The expected value of this random variable, in terms of the starting point of the stochastic process, is a function which satisfies some fully nonlinear integro-differential equation. If the stochastic processes involved are diffusions, the PDEs involved are classical second order equations. If the stochastic process is a Levy process with jumps, then the equations will have a non local part.

Standard stochastic control: the Bellman equation

Consider a family of stochastic processes $X_t^\alpha$ indexed by a parameter $\alpha \in A$, whose corresponding generator operators are $L^\alpha$. We consider the following dynamic programming setting: the parameter $\alpha$ is a control that can be changed at any period of time.

We look for the optimal choice of the control that will maximize the value of a given function $g$ the first time the process $X_t$ exits a domain $D$. If we call this maximal possible expected value $u(x)$, in terms of the initial point $X_0 = x$, the function $u$ will solve the Bellman equation. \[ \sup_{\alpha \in A} L^\alpha u = 0 \qquad \text{in } D.\]

This is a fully nonlinear convex equation.

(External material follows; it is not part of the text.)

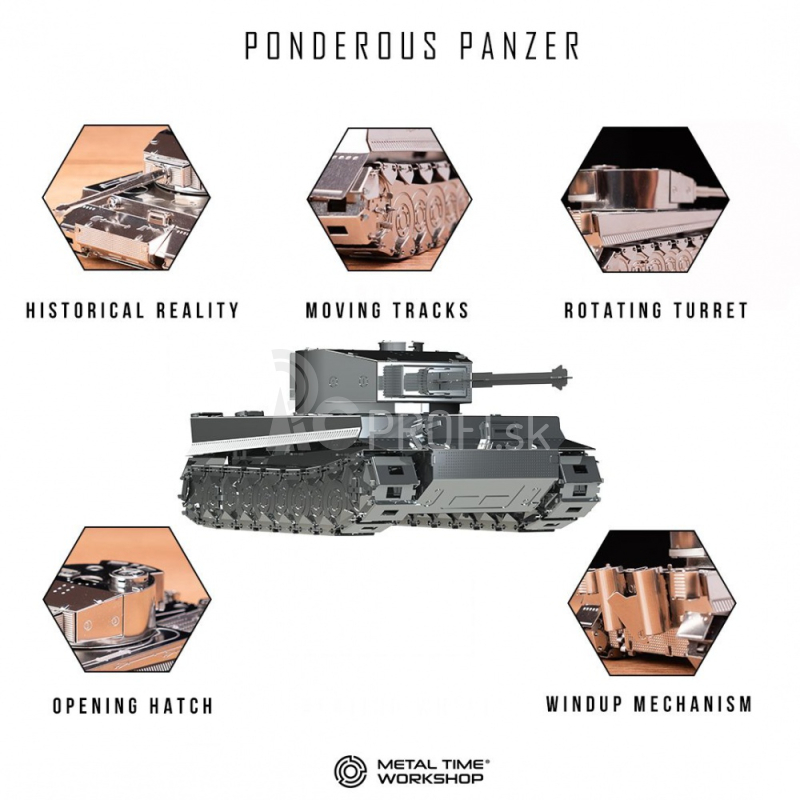 Oceľová stavebnica tank Ponderous Panzer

When the operators $L^\alpha$ are second order and uniformly elliptic, the solution is $C^{2,\alpha}$. This is the result of the Evans-Krylov theorem. When the operators $L^\alpha$ are integral kernels, one can still prove that the solution is classical if the kernels satisfy some uniform assumptions. This is the nonlocal Evans-Krylov theorem

There are many variants of this problem. If the value of $g$ is given at a previously specified time $T$, then $u(x,t)$ solves the backwards parabolic Bellman equation.

Optimal stopping problem

In this case the stochastic process $X_t$ is fixed and the only control is the choice of the time when to stop it. The solution of this problem is obtained though the obstacle problem.

Zero sum games: the Isaacs equation

This is a stochastic games with two players. Each player has one control and they have opposite objectives. The first player chooses a control $\alpha$ to minimize the final expectation, whereas the second player chooses a control $\beta$ (knowing the choice of $\alpha$) to maximize the expectation. The resulting value function $u(x)$ satisfies the Isaacs equation \[ \inf_\alpha \left( \sup_\beta \left( L^{\alpha \beta} u \right) \right) = 0 \qquad \text{in } D.\]

Note that any fully nonlinear PDE of second order $F(D^2u, Du) = 0$ for $F$ (degenerate) elliptic and Lipchitz can be written as an Isaacs equation, and therefore derived from a zero sum game, for some appropriate choice of the linear operators $L^{\alpha \beta}$.

If the Levy processes contain jumps, the corresponding equation will be a fully nonlinear integro-differential equation.